Each node includes error handling mechanisms to ensure robustness:
  - **Retries**: Nodes like `aralia_search`, `analytics_planning`, and `filter_decision` retry operations up to 5 times.
  - **Exceptions**: Nodes raise `RuntimeError` if critical operations fail (e.g., dataset retrieval, AI response generation).
  - **Verbose output**: Step by step processes are printed to the console if `state['verbose']` is set to `True`.

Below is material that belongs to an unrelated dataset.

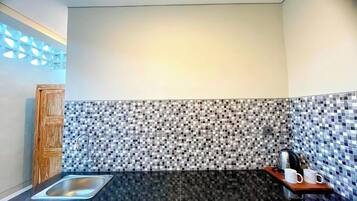 Kamar Deluks | Dapur pribadi | Lemari es, mesin pembuat kopi/teh, dan ketel listrik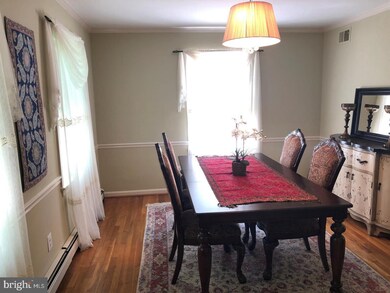 8512 Horseshoe Ln, Potomac, MD 20854 - photo 6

### **3.4 Integration with Aralia APIs**

The `AraliaClient` class provides methods for interacting with Aralia's APIs, such as searching for datasets, retrieving column metadata, and exploring data.

In [None]:
# Initialize Aralia Client
aralia_client = AraliaClient(
    client_id=os.getenv("ARALIA_CLIENT_ID"),
    client_secret=os.getenv("ARALIA_CLIENT_SECRET"),
    sso_url=sso_url,
    stellar_url=planet_url
)

# Search for datasets
datasets = aralia_client.search_datasets("What is the average GDP growth rate of each state in Malaysia in 2019?")
pd.DataFrame(datasets)

### **3.5 Conclusion**


This deepdive demonstrates the modular design of the AI-powered tools and its integration with Aralia's APIs. By running the provided code snippets, you can explore the functionality of each component interactively.